TASC, whose nucleus is formed largely by a number of US rooftop solar leasing companies and their supporters, and TUSK, headed by former US Congressman Barry Goldwater JR, issued statements to the effect that neither utility was able to push forward their plan in an unadulterated form and therefore saw it as a victory.
TUSK said the ruling by ACC “significantly” restricted APS and TEP from an attempt to “enter the private rooftop industry” and hailed it as a “good faith effort from Arizona regulators to rein in such attempts following the rejection of similar proposals in Colorado, South Carolina, and Washington states”.
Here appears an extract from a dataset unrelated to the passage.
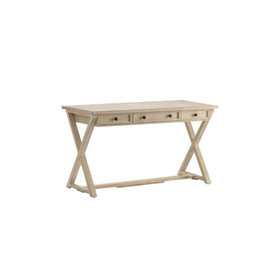 Bengal Manor Acacia Wood White Wash 3 Drawer Desk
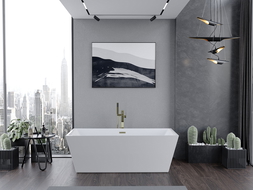 Mexen Lita banheira independente 170 x 75 cm, branca, transbordamento dourado - 52121707500-50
“The ACC protected the integrity of the free market by refusing to grant solar program cost recovery to APS and TEP, telling the utilities that they must proceed with the programs at their own risk. Further, the ACC drastically restricted those programs through a compromise that limits them to ratepayers with low credit ratings, and pilot research projects. The utilities were not permitted to use captive ratepayer dollars to fund a rooftop solar program which would expand their monopolies and allow them to unfairly compete with private sector rooftop solar providers.”
TUSK did point out, however, that while the pilot schemes have been permitted to go ahead from early next year under the condition that they are conducted for the aforementioned purpose of grid research, its affiliate TASC had offered to conduct a similar study for ACC at a tenth of the cost, an offer which was rejected.
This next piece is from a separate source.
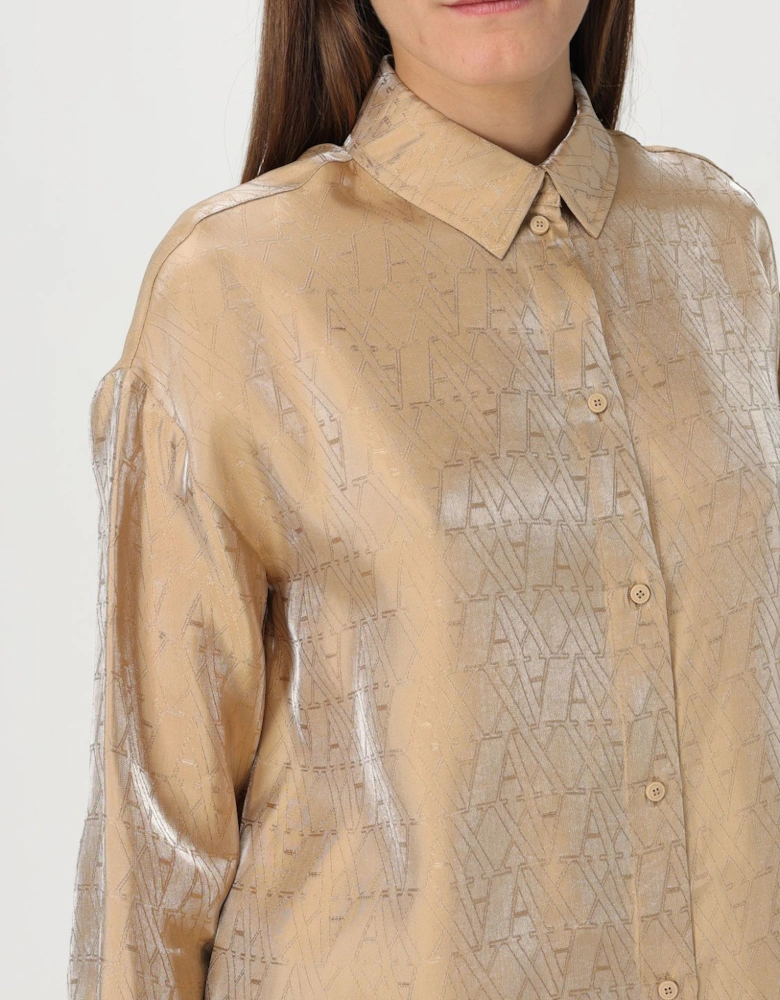 Silk Blouse Geometric Pattern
TASC’s statement also sounded a triumphant tone.
“The Arizona Corporation Commission (ACC) protected electricity competition and choice today for Arizonans. The investor owned utilities Arizona Public Service (APS) and Tucson Electric Power (TEP) were not granted the ability to use ratepayer money for unrestricted rooftop solar programs,” the statement read.
“TASC supports this decision to protect consumer choice and rooftop solar growth. The ACC rejected the utilities' original proposals, preventing the monopolies' attempts to push private sector companies out of business.”
TEP and APS also issued statements announcing the news, with both claiming success for having put the proposals through at all. TEP said the fact that customer credit scores would not be considered meant that in some cases, residents who were not eligible for private rooftop leasing could be included. TEP also offered a different take on the existing, leasing-based rooftop solar industry’s opposition to the plans, attempting to stir up local sentiment by deriding them as companies from “out-of-state”.
The proposals were opposed, TEP said, “by out-of-state solar lease providers who, in seeking to block the programme, would have limited the market for rooftop solar power systems in Tucson”.
TUSK recently conducted a survey of Arizona residents and found 77% of respondents would be less likely to vote for an election candidate if they proposed ending support for solar. Despite enjoying levels of solar irradiance considered a good fit for widespread solar deployment, the state has been the host of numerous battles between the incumbent energy industries and solar. These have included accusations of “dark money” being used to fund lobbying campaigns against solar energy and a proposed law to introduce property tax increases on homes that have solar installed.
When the latest schemes were first proposed earlier in the year, the national Solar Energy Industries' Association (SEIA) also came out in criticism of them, calling them a “trojan horse” which would allow utilities to increase the control the excercised over regional electricity markets.